From the first line of the listing, copy each line exactly until you have included the line with "padernello brescia lombardia"; leave out the pictures.

++++ Task inputs

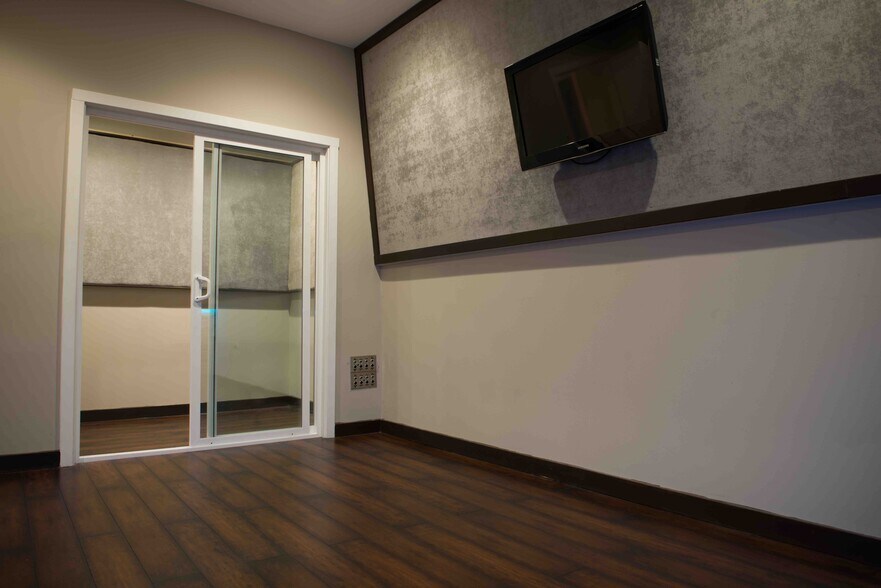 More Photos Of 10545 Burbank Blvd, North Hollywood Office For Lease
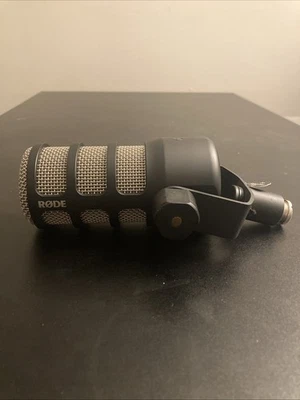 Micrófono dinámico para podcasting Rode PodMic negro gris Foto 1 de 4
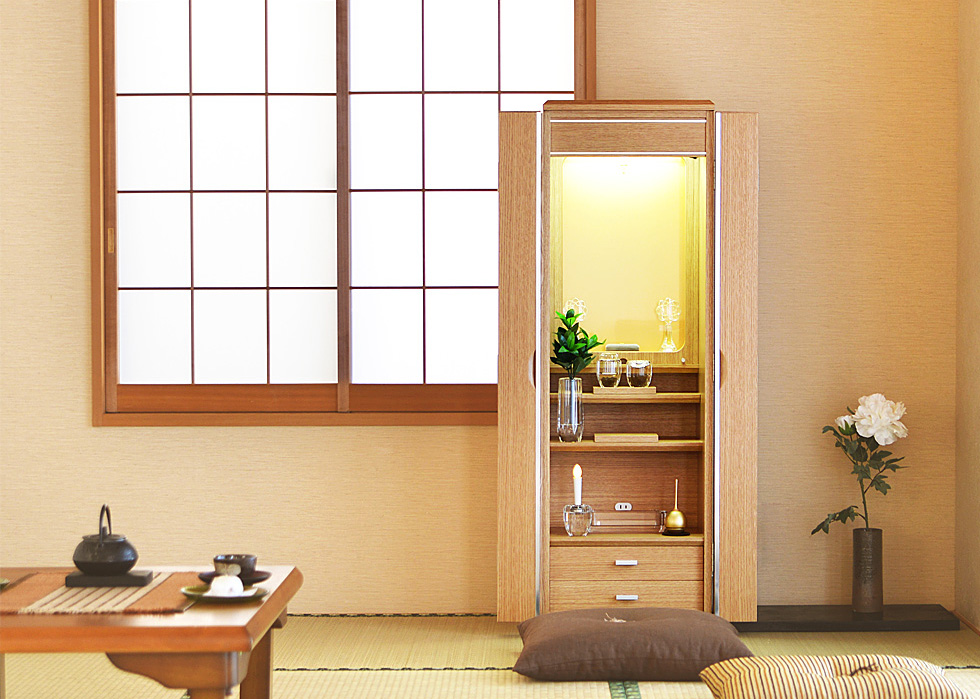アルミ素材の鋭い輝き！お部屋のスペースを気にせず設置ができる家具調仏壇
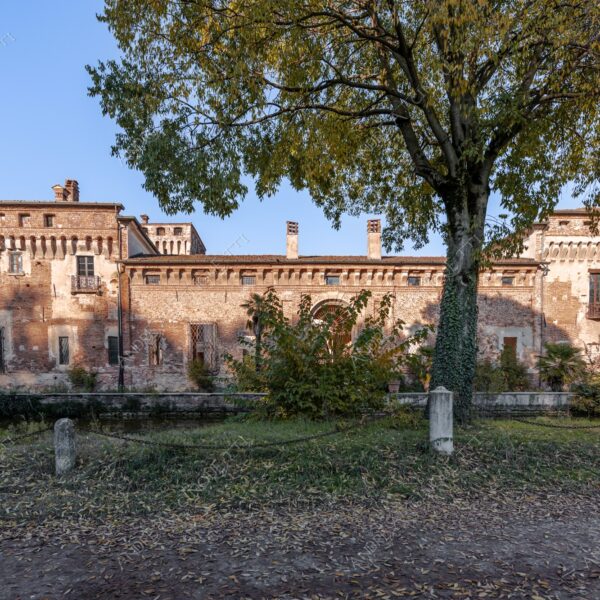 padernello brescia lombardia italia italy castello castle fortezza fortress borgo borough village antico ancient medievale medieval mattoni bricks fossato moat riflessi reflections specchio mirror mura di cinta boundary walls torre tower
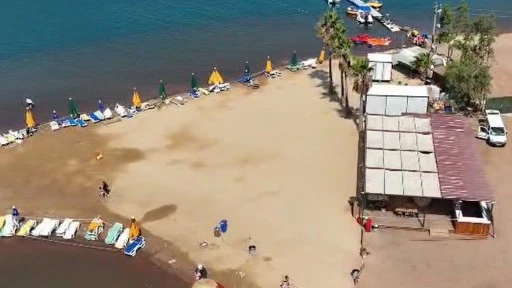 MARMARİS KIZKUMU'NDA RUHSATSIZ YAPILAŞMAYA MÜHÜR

++++++++

**Reply:**
 More Photos Of 10545 Burbank Blvd, North Hollywood Office For Lease
 Micrófono dinámico para podcasting Rode PodMic negro gris Foto 1 de 4
アルミ素材の鋭い輝き！お部屋のスペースを気にせず設置ができる家具調仏壇
 padernello brescia lombardia italia italy castello castle fortezza fortress borgo borough village antico ancient medievale medieval mattoni bricks fossato moat riflessi reflections specchio mirror mura di cinta boundary walls torre tower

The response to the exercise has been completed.